We can actually invent infinitely many! From what i gather you are interested in orthogonal polynomials, meaning polynomials $P_i$ such that there exists $a,b$ such that

$$ \int_a^bP_i(x)P_j(x) dx = 0 \forall i \ne j$$

To generate such polynomial sequences we can start with some initial Polynomial $P_0$ it can be any polynomial of your choice (An example is $x^2+3x$) and then pick a suitable a,b (lets say 0,1).
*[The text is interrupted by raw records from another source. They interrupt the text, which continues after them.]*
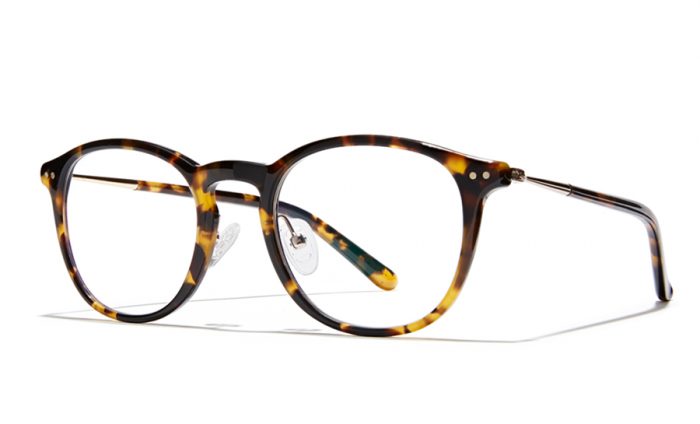Tortoiseshell round eyeglasses with silver metal temples and adjustable nose pads.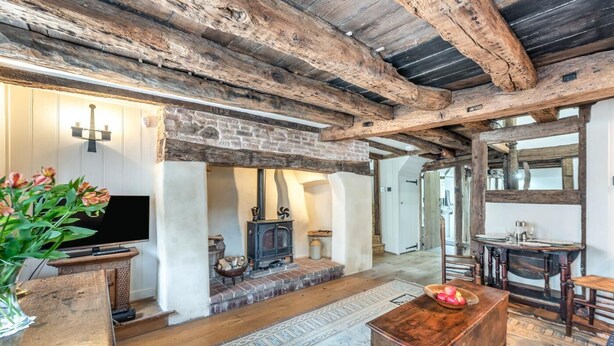 A rustic interior with exposed wooden beams, a stone fireplace, a television, and a dining area with a wooden table and chairs. - 2 Bed in Battle (oc-f32643) (Battle)
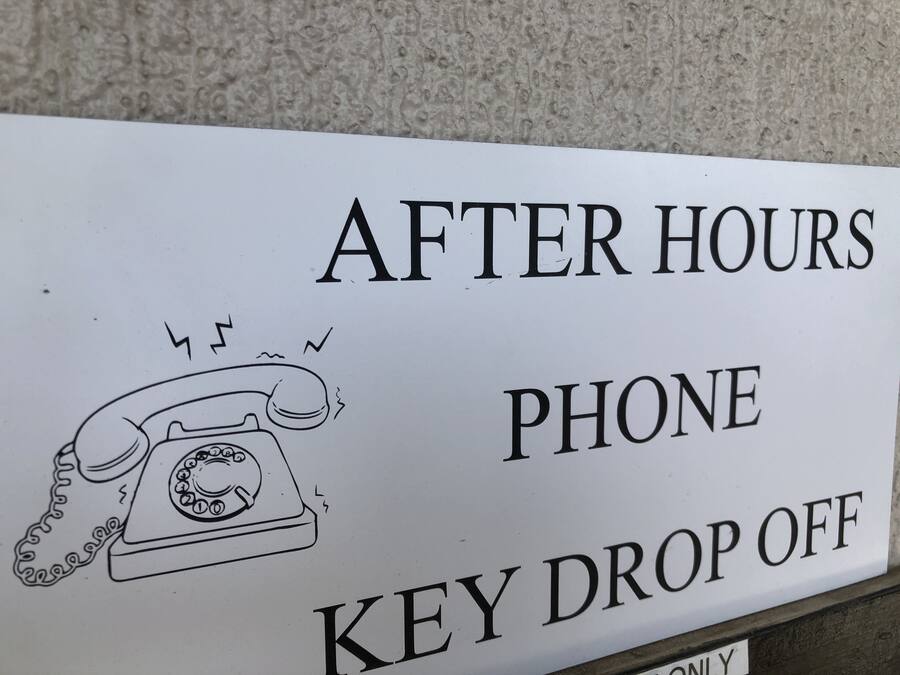 A sign with a telephone and the text "AFTER HOURS PHONE KEY DROP OFF".
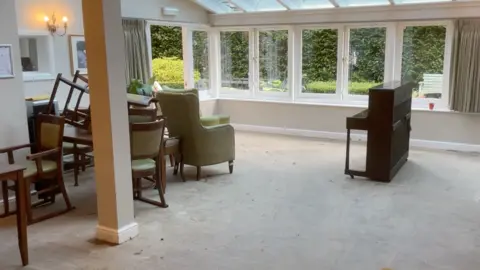 The ground floor of the care home with a piano, chairs and windows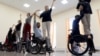 Armenia - disabled veterans in wheelchairs rehearse for a dance performance in Yerevan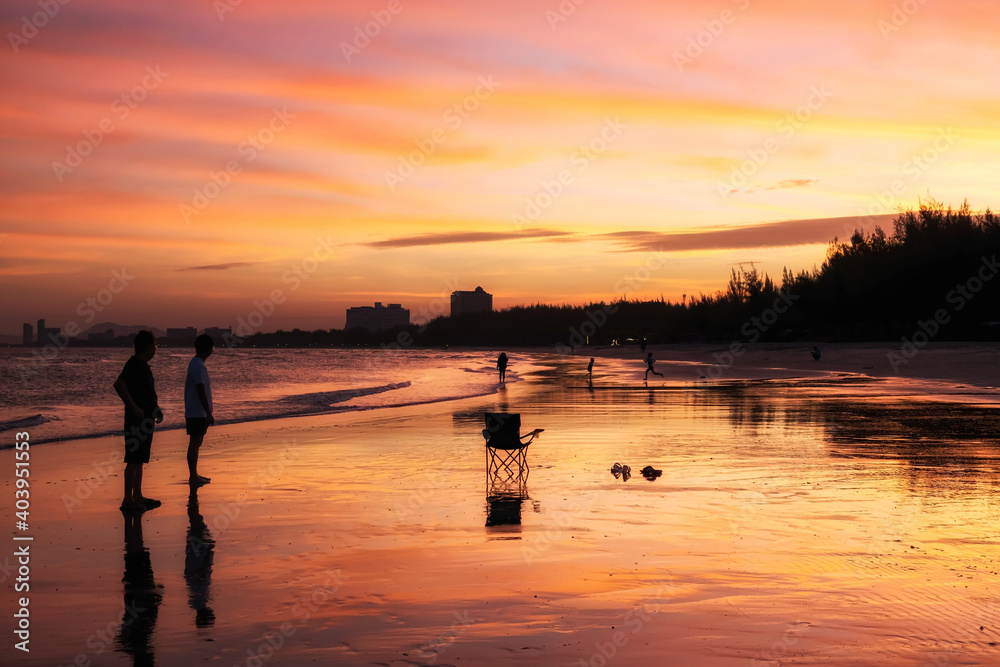 Family enjoy twilight sunset sky at beach, Cha-Am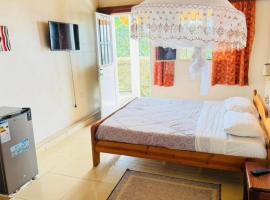 Kigali cosmos hotel, hotel en Nyamabuye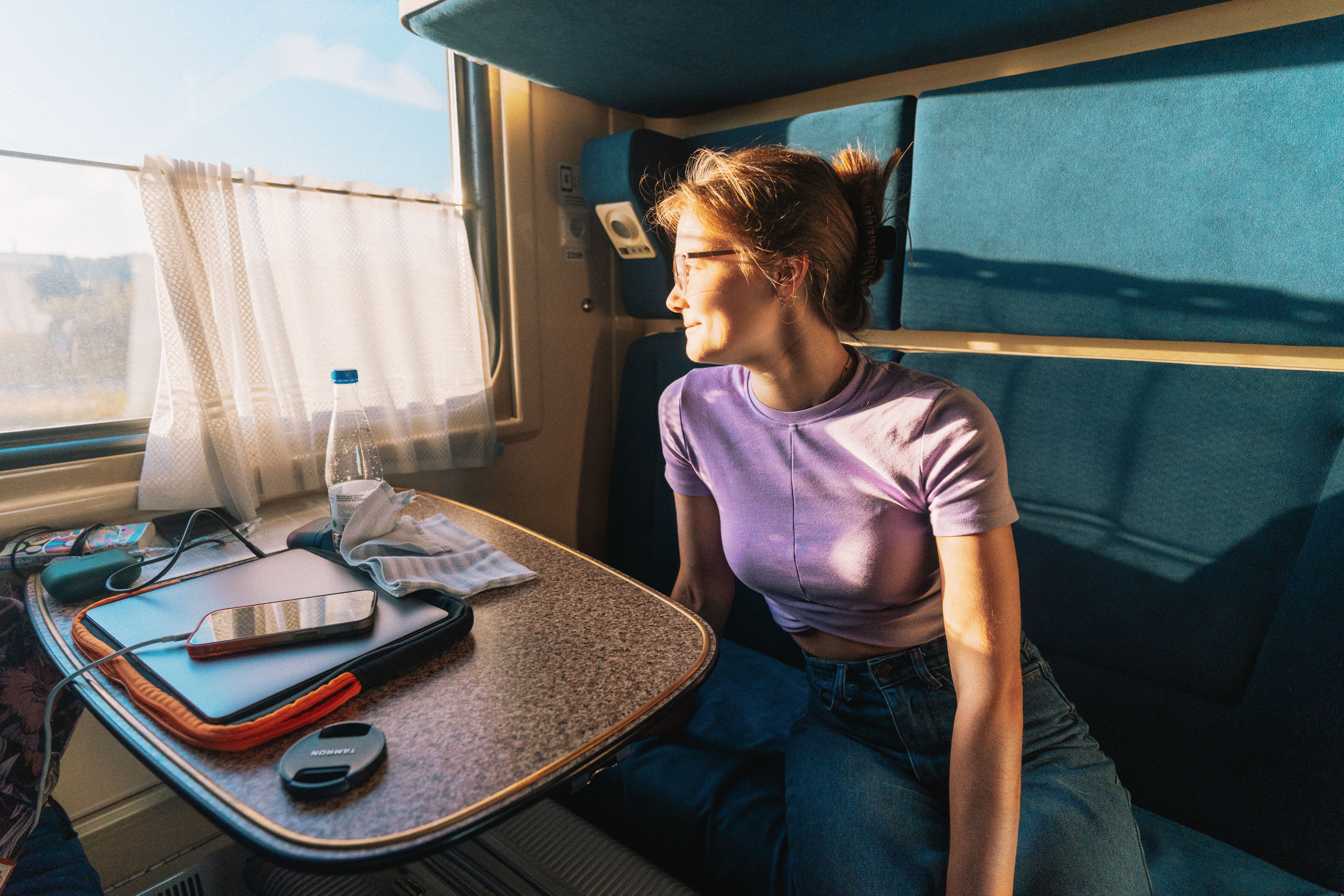 Young Woman Enjoying Scenic Train Journey · Free Stock Photo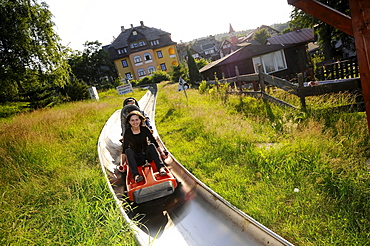 Tourists on the summer toboggan run in Karpacz, Bohemian mountains, Lower-Silesia, Poland, Europe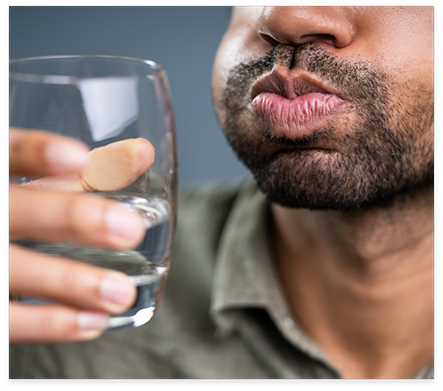 Man swishing water around in his mouth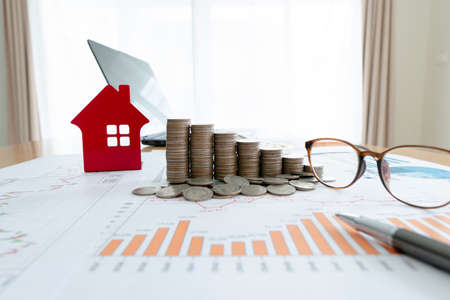 Stacked of Coins and house model , graph ,glasses and laptop, investment concept.の写真素材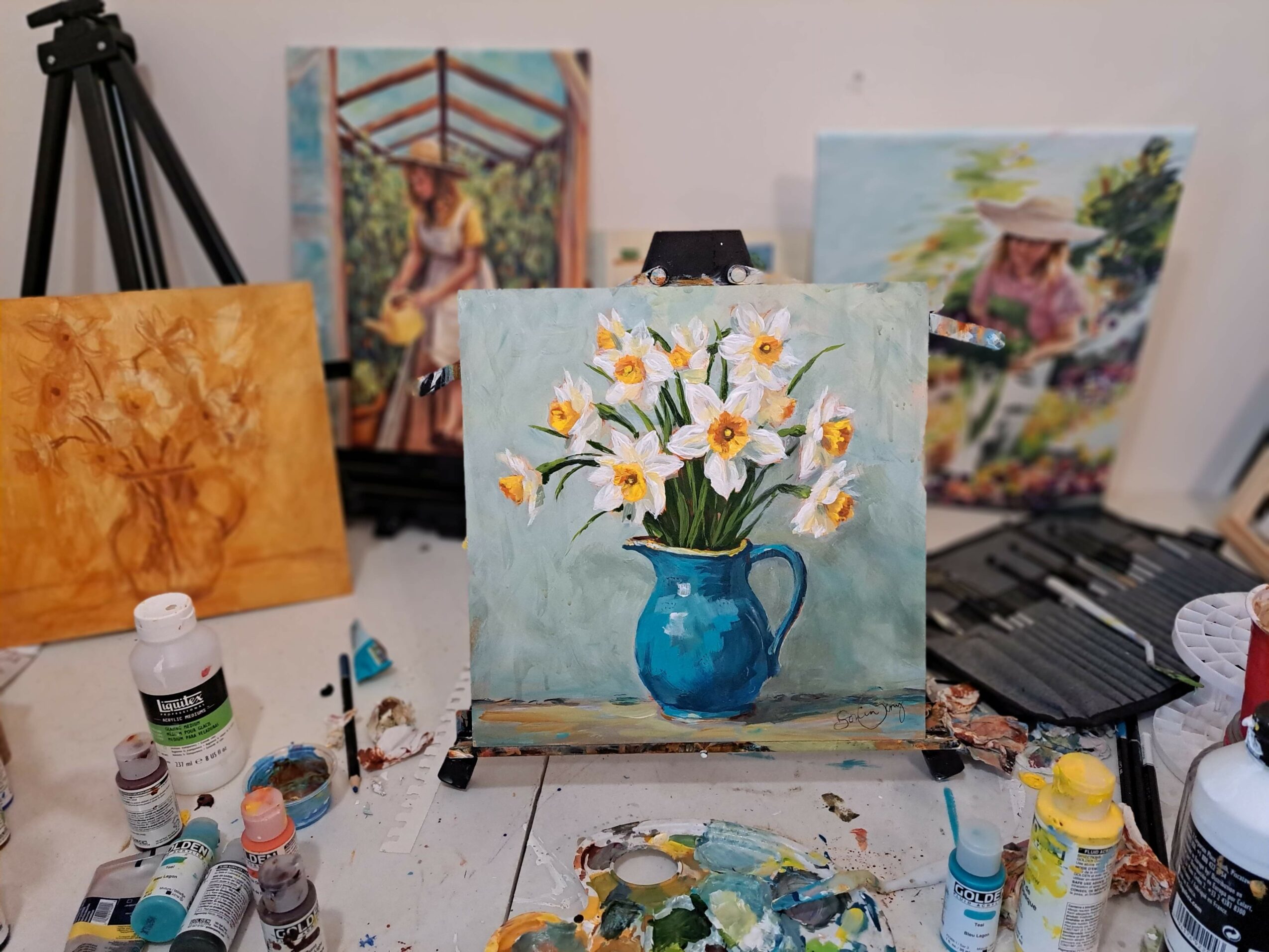 Small painting of white flowers in a blue vase on a table, with art supplies and other paintings in the background.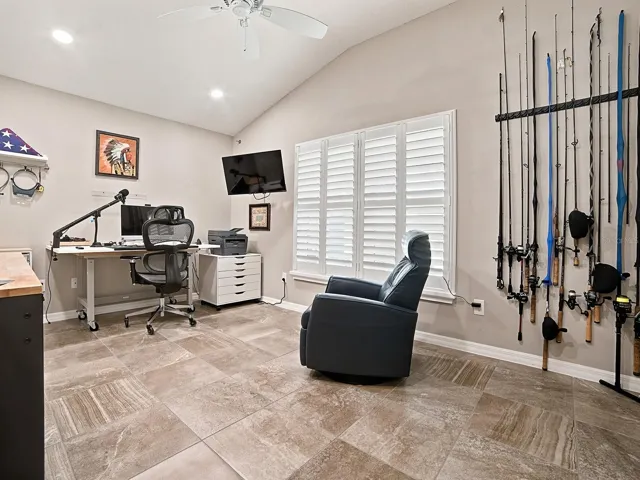 2ND GUEST ROOM BEING USED AS AN OFFICE AND MAN CAVE WITH PLANTATION SHUTTERS, AND VAULTED CEILING.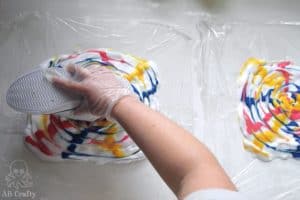 placing a white converse shoe face down onto shaving cream with swirled with tie dye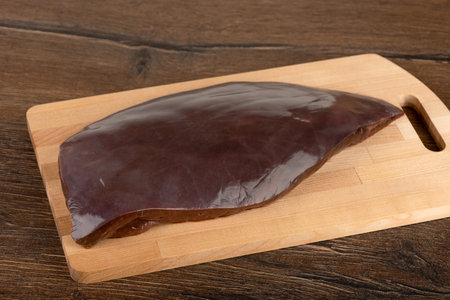 An uncut and unpeeled piece of beef liver on a cutting board. Cooking at home.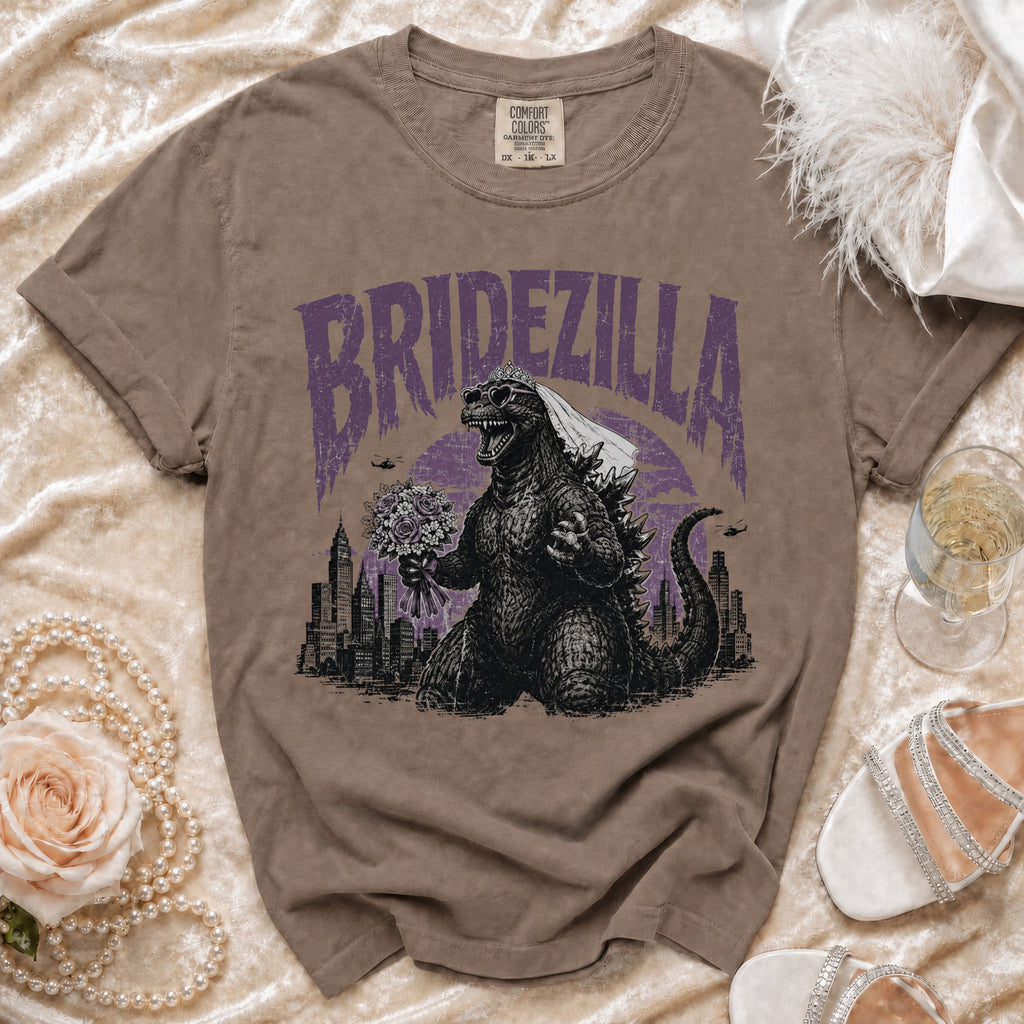 Godzilla wearing a veil and heart sunglasses holding a bouquet with "BRIDZELLA" text.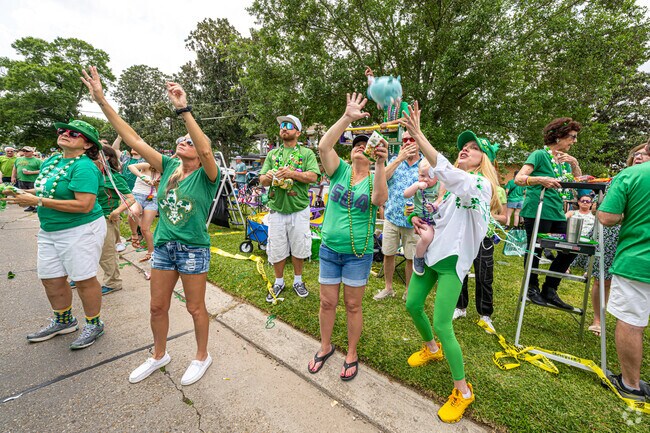 Catch a stuffed animal at the St. Patrick's Day Metairie Road Parade.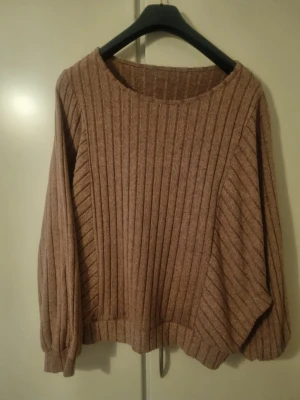 Mörkrosa/brun - Mysig brun stickad tröja med breda ribbor och rund hals. Tröjan har en avslappnad passform och långa ärmar med lätt puff vid mudden. Perfekt för lager på lager och enkel att matcha till olika outfits.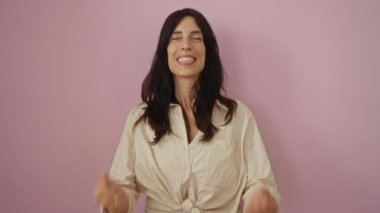 Neşeyle kutlayan bir kadın, uzun siyah saçlı çekici bir yetişkin, bej bir gömlek giyiyor, izole edilmiş pembe bir arka planda heyecan ve mutluluğu ifade ediyor.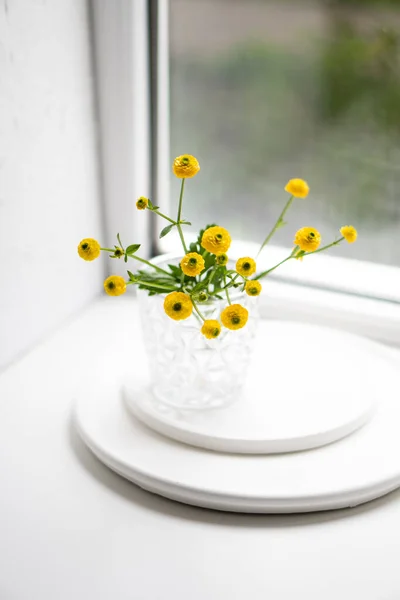 Sarı çiçekli beyaz ev dekorasyonu, seramik vazo ve tepside cam. — Stok fotoğraf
Then to get the next polynomial in teh sequence note it will have degree one greater than our current one. So $P_0 = x^2 +3x$ $P_1$ that we are trying to calculate will have the form $a_0 + a_1x + a_2x^2 + a_3x^3 $. Then we can write the integration law:

$$ \int_a^b P_0 P_1 dx = 0 $$

Which for us is

$$ \int_0^1 (x^2 + 2x)(a_0 + a_1x + a_2x^2 + a_3x^3) dx = 0 $$

And this yields a single equation in 4 unknowns after integration

$$ \frac{1}{3}a_0 + \frac{1}{4}a_1 + \frac{1}{5}a_2 + \frac{1}{6}a_3 + \frac{2}{2}a_0 + \frac{2}{3}a_1 + \frac{2}{4}a_2 + \frac{2}{5}a_3 = 0 $$

That can be cleaned up to

$$ \frac{4}{3}a_0 + \frac{11}{12}a_1 + \frac{14}{20}a_2 + \frac{17}{30}a_3 = 0 $$

Any four numbers $a_0 ... a_3$ you pick to satisfy that generates an orthogonal polynomial to the $P_0$ we selected.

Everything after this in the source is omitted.